CEDoW Students' Creative Works Tell A Transformative Story

News | CEDoW Students' Creative Works Tell A Transformative Story

Posted 20 December 2018 by Catholic Education in News

CEDoW students have produced colourful and deeply reflective works in the 2018 Stretching Potential through Learning in Interactive Challenging Environments (S.P.L.I.C.E.D) Program, entitled 'Transformation: Inventions, Creativity and Ingenuity that have Changed the World'.  

“Knowing a great deal is not the same as being smart; intelligence is not information alone, but also judgement and the manner in which information is collected and used.” - Carl Sagan

Over 100 students participated in the creative thinking and enrichment program this year, with diverse responses to the theme of transformation expressed in a variety of literature, digital forms and imagery.

'Transformation' invited students to choose an idea, program, invention, object, discovery, product or something else that has had a transforming impact on humanity for a critical thinking learning process.

Final student works were selected for publication in print and digital forms, with successful students, their families and friends invited to a launch and presentation, held at the Ribbonwood Community Centre in Dapto.

Dr Paul McCann, Head of School Improvement Services - Specialist Support, addressed the audience of students, parents, family, teachers and principals, to launch the full colour publication and website.

“In this diverse collection of presentations, critical thinking ability is evident in the depth, breadth and relevance of the student's research, and in the clarity, significance, accuracy and precision of how they have expressed their opinions and reflections," Dr McCann said.

A particular focus in this year’s program was to support students to engage in and develop their critical thinking skills. These skills, which are one of the general capabilities and a key dimension of the Australian Curriculum, can be generically used and applied across all curriculum areas and are vitally important in preparing students to live in a world with continually expanding and readily available sources of communication and knowledge.

Rebecca McGlashan from St Paul’s, Albion Park produced the work, 'Children of the Cosmos'. Rebecca’s artwork also featured on the front cover of the publication.


Rebecca shared that her inspiration came from the telescope. “Sometimes I look up at the stars and wonder what is up there,” she said. “My family friend has a telescope and I always try to use it. Telescopes enable us to see many colours and collect light that our eyes are unable to see - anyone can use the telescope.”
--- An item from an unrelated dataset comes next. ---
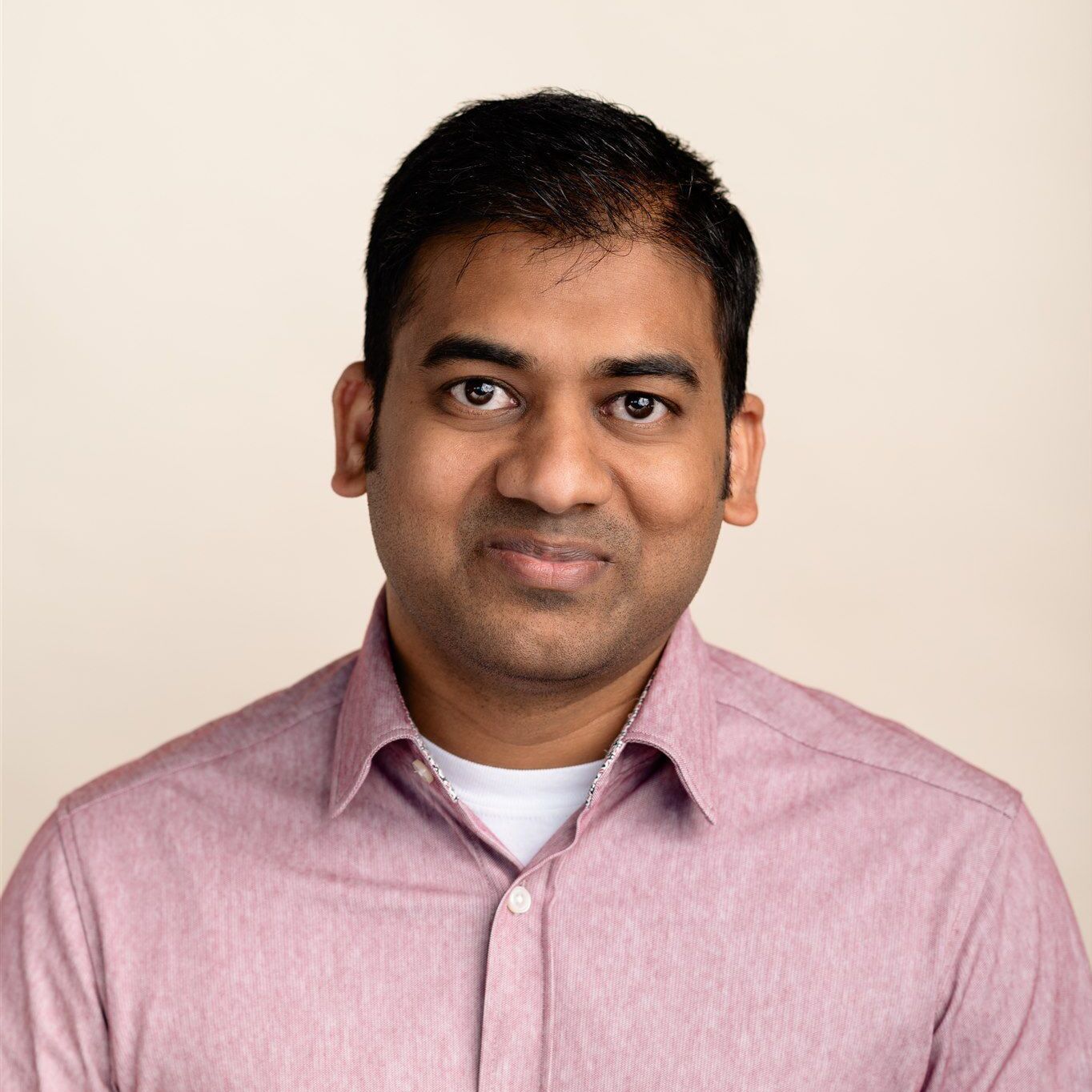 Avatar of Venkata V.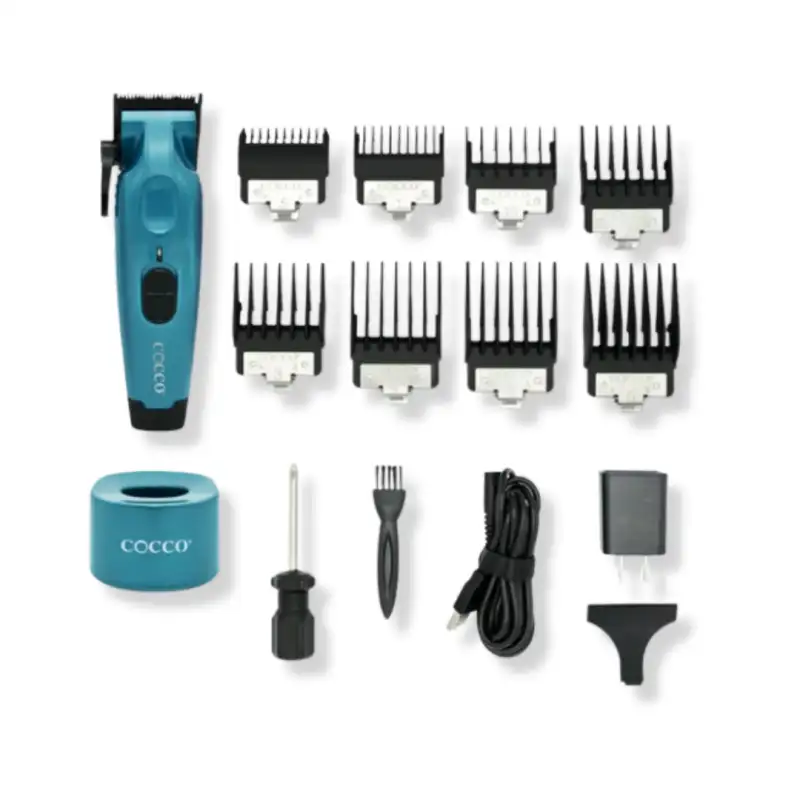 cocco-hyper-veloce-pro-clipper-2--1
John Charadia, Professional Officer for Gifted Education, Creativity and Critical Thinking said to guests, “We’re celebrating not only the students' skilful slide shows, audio-visuals, research papers and stories, but more importantly their perseverance and commitment. We celebrate their exploration of the motivation behind the inventions, creativities and ingenuities, which include compassion, awe and wonder at the universe, survival and love.

"The student works are the result of creative and critical thinking questions that opened their minds to consider new levels of self-awareness, self-management, social awareness and relationships. Students have responded with a depth that deserves attentive reading and appreciation."

The selected student works were presented in a book titled, 'Transformation' designed by Amanda McPaul Browne, Principal of Heart of the Mountains Art Studio in Woodford, Blue Mountains and also one of the tutor team members involved in this year's S.P.L.I.C.E.D student workshops.

“We express our appreciation for the artistic design and layout of the Transformation book by Amanda, it includes exemplary work from students in a diverse range of forms as well as a guide to the website,” Mr Charadia said.

Concluding the launch, Dr McCann said, “To develop meaning and purpose in our lives, the human person is driven to engage in authentic, personally meaningful and relevant work. This year’s S.P.L.I.C.E.D program has certainly done that for this group of students.

“I commend John Charadia, the team that supports him in this work, and the teachers and school leaders who have fostered and been involved in supporting this year’s program. We can be proud of the students’ achievements, as we celebrate and enjoy what has been published in the Transformation booklet and accompanying website.”